EXERCISE OBJECTIVE: Scan the data for "Short" and copy the lines it appears in.

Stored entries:
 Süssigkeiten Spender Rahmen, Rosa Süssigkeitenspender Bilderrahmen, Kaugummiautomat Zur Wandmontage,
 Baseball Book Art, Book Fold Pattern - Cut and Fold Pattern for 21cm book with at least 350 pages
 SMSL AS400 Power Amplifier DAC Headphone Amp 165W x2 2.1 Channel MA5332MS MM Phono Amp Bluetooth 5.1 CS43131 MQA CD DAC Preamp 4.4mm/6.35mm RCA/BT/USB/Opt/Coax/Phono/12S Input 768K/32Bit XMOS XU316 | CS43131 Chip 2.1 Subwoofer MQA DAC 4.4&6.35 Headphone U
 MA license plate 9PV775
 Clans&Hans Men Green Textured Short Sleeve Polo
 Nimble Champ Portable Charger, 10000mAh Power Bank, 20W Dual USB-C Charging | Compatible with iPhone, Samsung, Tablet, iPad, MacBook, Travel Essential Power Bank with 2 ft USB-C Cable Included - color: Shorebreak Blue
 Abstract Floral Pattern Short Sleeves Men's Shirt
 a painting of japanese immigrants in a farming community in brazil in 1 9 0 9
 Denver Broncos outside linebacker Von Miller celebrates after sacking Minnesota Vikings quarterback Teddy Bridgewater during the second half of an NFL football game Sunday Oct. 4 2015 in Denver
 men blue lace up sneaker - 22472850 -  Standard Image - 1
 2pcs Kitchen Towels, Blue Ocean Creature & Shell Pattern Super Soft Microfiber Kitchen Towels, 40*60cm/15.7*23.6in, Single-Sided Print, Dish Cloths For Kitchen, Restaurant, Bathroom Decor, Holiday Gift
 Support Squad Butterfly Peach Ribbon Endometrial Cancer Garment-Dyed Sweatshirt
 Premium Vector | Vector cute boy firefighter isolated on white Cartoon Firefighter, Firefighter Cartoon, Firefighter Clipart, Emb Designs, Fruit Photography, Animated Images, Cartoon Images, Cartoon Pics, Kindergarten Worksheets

WRITTEN RESPONSE:
 Clans&Hans Men Green Textured Short Sleeve Polo
 Abstract Floral Pattern Short Sleeves Men's Shirt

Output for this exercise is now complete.